竹内銃一郎のキノG語録

まずは「栄養映画館」の成り立ちから  「タニマラ」メモ①2018.03.18

「解題」という言葉はなんとなく大仰な感じがしてきて、今回からは「メモ」と変えました。気楽に参りましょう。「タニマラ」で上演する4本の戯曲を、書かれた年代の古い順にナンダカンダと書いていきます。まずは、1983年に桃の会で上演された「今は昔、栄養映画館」から。

「桃の会」は、故・村井健の声かけから始まった。メンバーは、制作担当の村井、彼とは大学時代から付き合いがあった俳優の小田(豊)さん、小田さんとは早稲田小劇場、旧真空艦で一緒だった豊川潤、それにわたしの4人。小田さんが旧真空艦を退団し、俳優としての場を失ったのを見かねて、わたしたちに声をかけたのだ、多分。当時の村井は而立書房の編集者で、わたしの戯曲の大半は彼の手によって世間に送り出されている。「Z」と「月ノ光」を出してもらった三一書房も、村井の紹介だった。俳優ふたりとは、1978年に斜光社の「SF大畳談」を前述の真空艦アトリエで上演した際に、一応知り合いにはなったが、早稲・小時代の彼らの芝居にわたしは畏怖に近いものを感じていたので、一緒にやらないかという話にわたしはヤッホー! と思う一方、わたしでいいの? と村井に問いただし、さらに、わたしが書いたものをやってもらうのは畏れ多いから既成の戯曲の上演を考えるべきでは? と伝えたのだった。

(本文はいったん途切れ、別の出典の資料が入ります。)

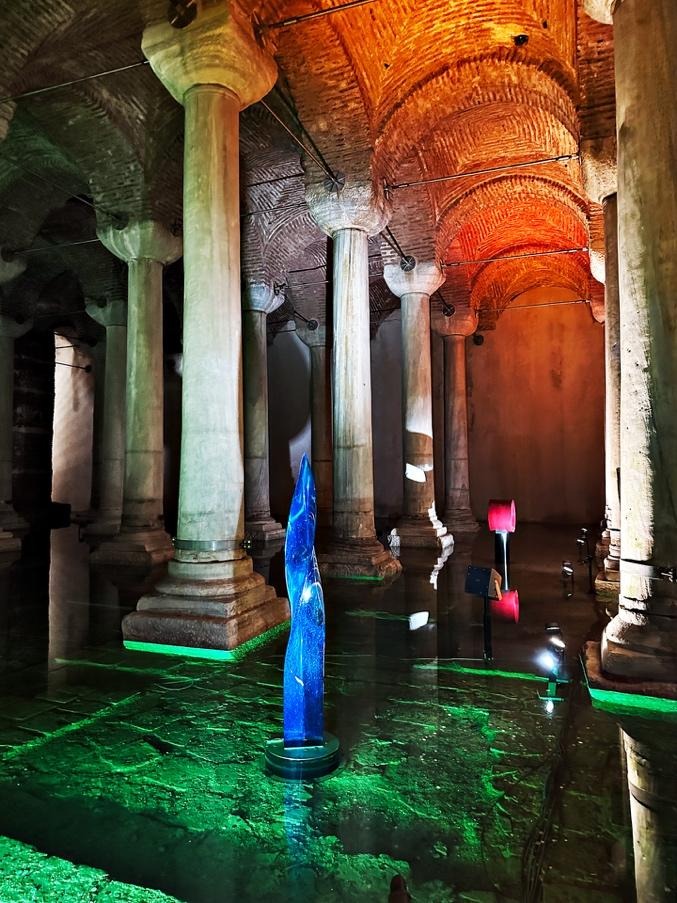 Basilica Cistern columns in Istanbul with blue sculpture and green-lit reflections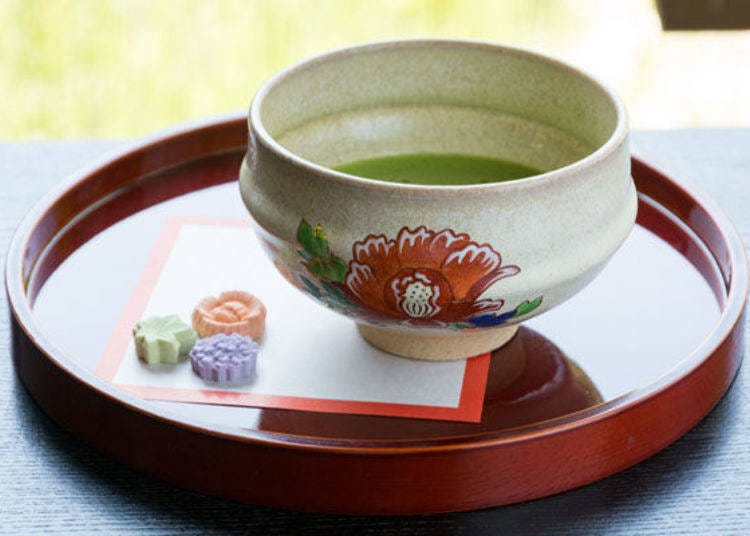 ▲抹茶（500日元）。这绘制了牡丹的抹茶碗是奈良代表性的陶器－赤肤烧。干果子是寺院周边的和果子店特别订做出给长谷寺专用的。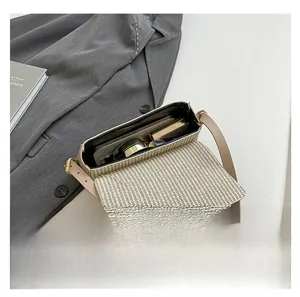 Detail view of woven beige crossbody bag showing interior storage space and phone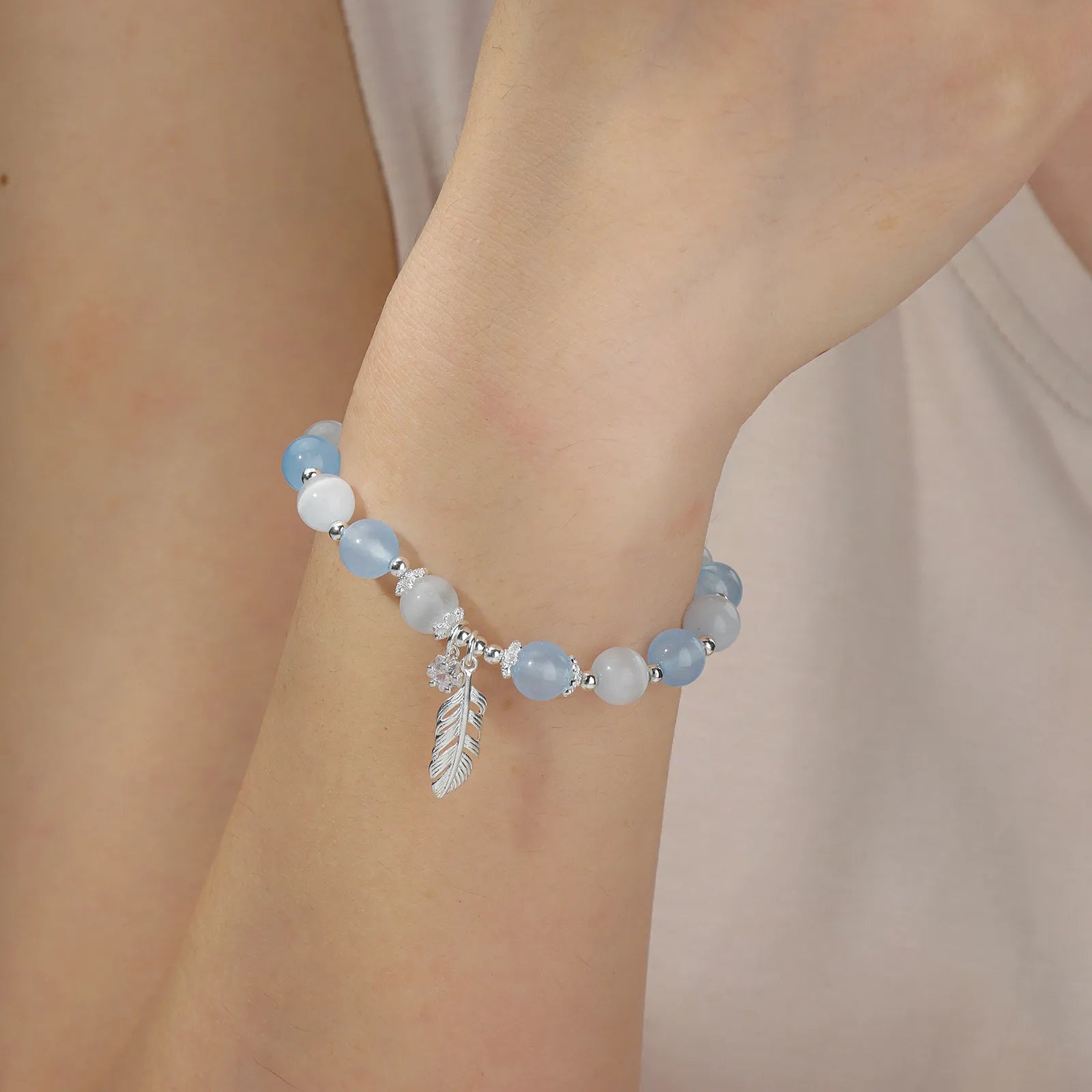 Beaded bracelet with blue and white stones and star feather charm.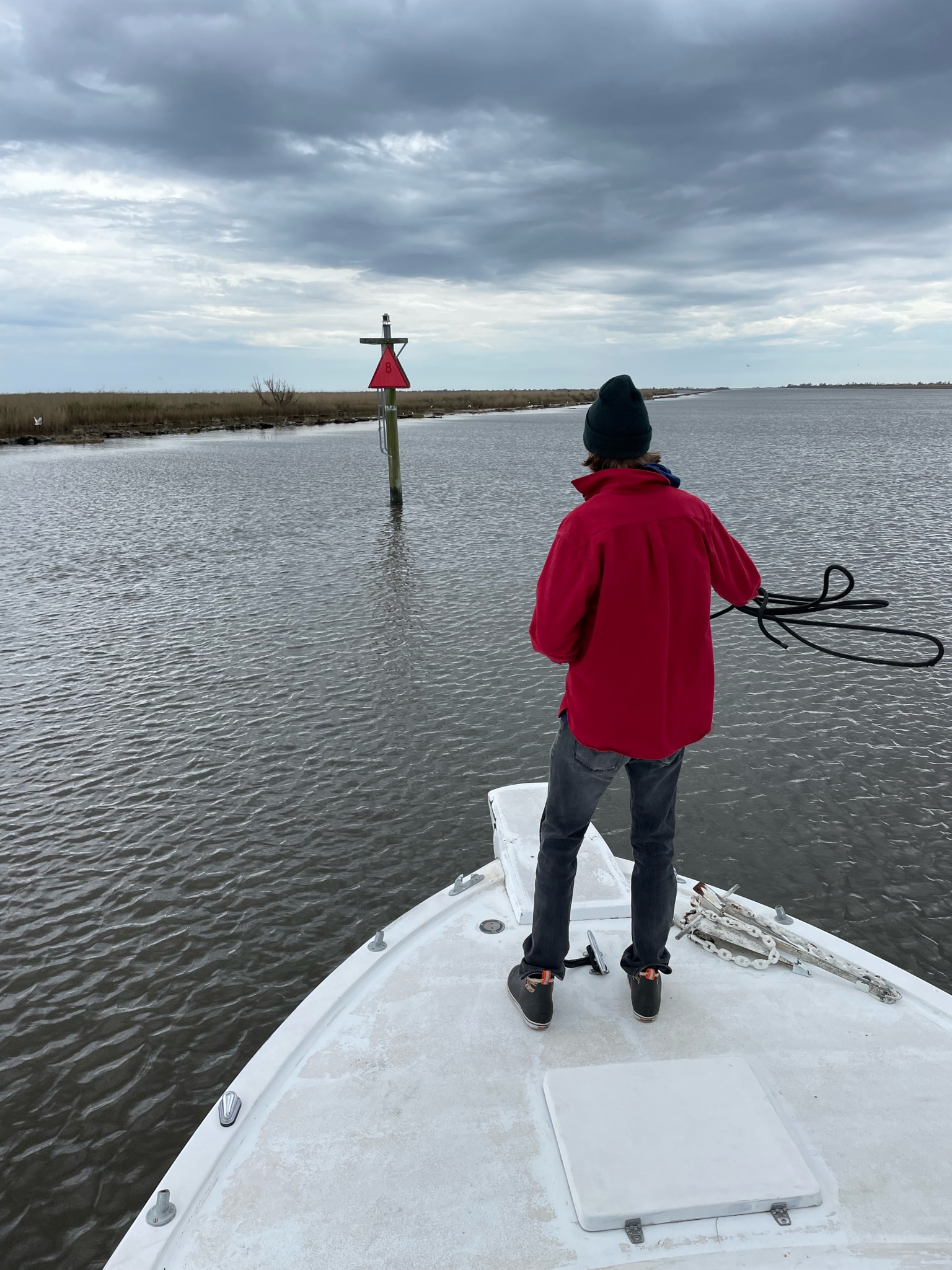 Deckhand Mitchell Jarrett prepares to throw a line and tie Les Bons Temps to a piling in the Barataria Waterway so the crew can check the propellor shaft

あれは誰が言い出したのか。すま(けい)さんが昔(60年代の終わりころ?)、イヨネスコの「椅子」を翻案・上演していて、ふたり芝居ならあれがいいのでは、という話になり、すまさんに(わたし以外の誰かが)その旨を連絡したら、「台本のテイをなしていないいい加減なものなので、竹内さんがお書きになった方が …」というご返事をいただいて。それで結局、「椅子」をもとにして書き上げたのが「今は昔、~」である。

ご承知の方はご承知のように、「椅子」は老夫婦の話で、夫が講演会を企画し、そこへ想像だにしなかったほど多くの客が押し寄せる。しかし、舞台上には客はひとりも現れず、ただ椅子がどんどん増えていく、と。はっきり書いてしまうが、ワタクシ的にはそれほど面白い戯曲とは思えず、ただ、椅子がどんどん増えていって部屋を埋め尽くしてしまうというアイデアだけは気に入って、そこにピントをあて、原作が椅子を増やしていくのなら、わたしは逆に、すでにいっぱいある椅子をどんどん減らしてやろう、と考えて …

この初演から10数年後に、木場(勝己)の企画で、すまさんと彼とでこの戯曲を上演、わたしが演出を担当することになるのだから、まことに人生は面白い。